During the second quarter, we did not initiate any positions in Ariel Focus Fund, but we sold our shares of Chesapeake Energy Corp. (CHK, Financial) in order to pursue more compelling opportunities.

All things considered, our outlook has remained stable over the course of the quarter. In the U.S., we think very little has changed. The economy continues its slow-growth progress, and the market largely reflects that reality. So we remain confident, seeing pockets of opportunity as well as areas that seem a bit expensive. Overseas, risks are clearly higher. In Europe there is likely turmoil as governments begin revamping trade agreements and businesses adjust to a European Union without Great Britain. On the other hand, there is certainly a chance that another referendum will overturn the June 23rd vote and shred all the planned changes. The next-largest foreign risk remains the same: China‘s economy continues to show signs of trouble. Still, in foreign markets we see pockets of opportunity and with the greater potential for change there is a corresponding set of potential opportunities.

As of 6/30/16, Barrick Gold Corp. constituted 4.1% of Ariel Focus Fund; St.
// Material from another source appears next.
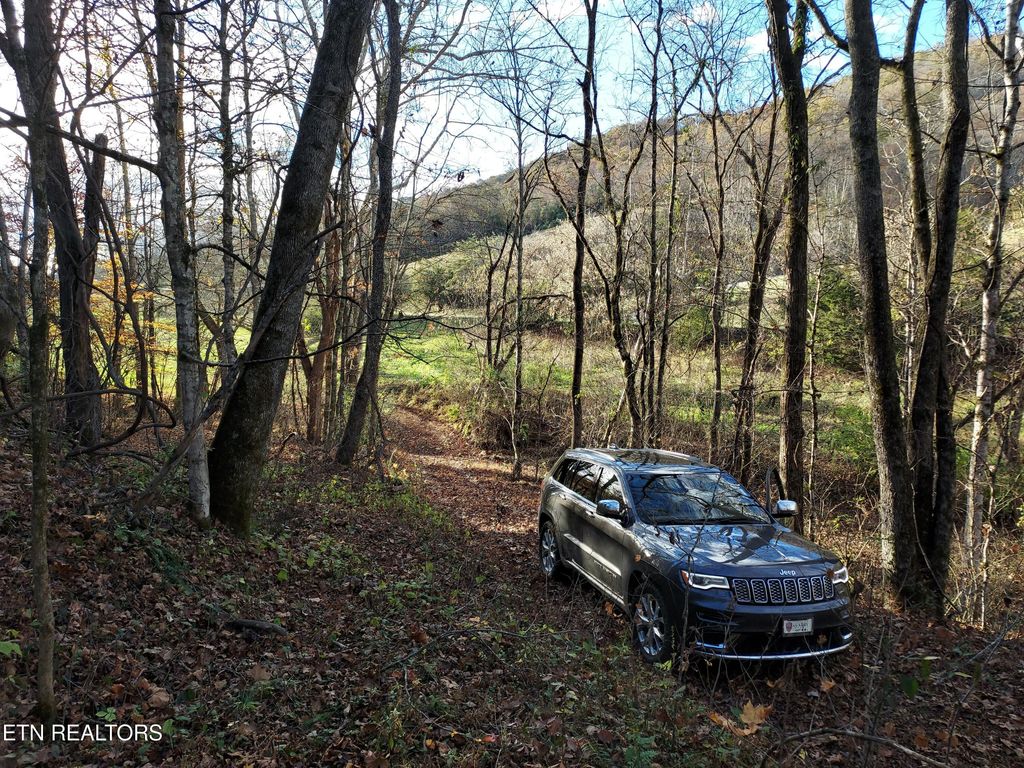 Photo of 725 BULLEN VALLEY, Thorn Hill, TN 37881 (MLS # 1282079)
Jude Medical, Inc. 4.2%; BorgWarner Inc. 3.0%; KKR & Co. L.P. 3.7%; and Chesapeake Energy Corp. 0.0%. The performance of any single portfolio holding is no indication of the performance of other portfolio holdings of Ariel Focus Fund.

The Russell 1000® Value Index measures the performance of the large-cap value segment of the U.S. equity universe. It includes those Russell 1000 companies with lower price-to- book ratios and lower expected growth values. Russell® is a trademark of Russell Investment Group, which is the source and owner of the Russell Indexes’ trademarks, service marks and copyrights. The S&P 500® Index is the most widely accepted barometer of large cap U.S. equities. It includes 500 leading companies. Index returns reflect the reinvestment of income and other earnings. Indexes are unmanaged, and investors cannot invest directly in an index.

This commentary candidly discusses a number of individual companies. These opinions are current as of the date of this commentary but are subject to change. The information provided in this commentary does not provide information reasonably sufficient upon which to base an investment decision and should not be considered a recommendation to purchase or sell any particular security.

Investing in equity stocks is risky and subject to the volatility of the markets. Investing in small and mid cap companies is riskier and more volatile than investing in large cap companies. The intrinsic value of the stocks in which the portfolio invests may never be recognized by the broader market. Ariel Focus Fund is a non-diversified fund and therefore may be subject to greater volatility than a more diversified investment.

Performance data quoted represents past performance. Past performance does not guarantee future results. All performance assumes the reinvestment of dividends and capital gains, and represents returns of the Investor Class shares. The investment return and principal value of an investment will fluctuate so that an investor’s shares, when redeemed, may be worth more or less than their original cost. Current performance may be lower or higher than the performance data quoted. For the period ended June 30, 2016, the average annual total returns of Ariel Focus Fund (Investor Class) for the 1-, 5- and 10-year periods were -8.14%, +6.43% and +4.31%, respectively. As of September 30, 2015, Ariel Focus Fund’s Investor Class had an annual net expense ratio of 1.00% and a gross expense ratio of 1.37%. Effective February 1, 2014, Ariel Investments, LLC, the Adviser, has contractually agreed to waive fees or reimburse expenses (the "Expense Cap") in order to limit Ariel Focus Fund's total annual operating expenses to 1.00% of net assets for the Investor Class through the end of the fiscal year ending September 30, 2017. The Expense Cap prior to February 1, 2014 was 1.25% for the Investor Class. Performance data current to the most recent month-end for Ariel Focus Fund may be obtained by visiting our website, arielinvestments.com.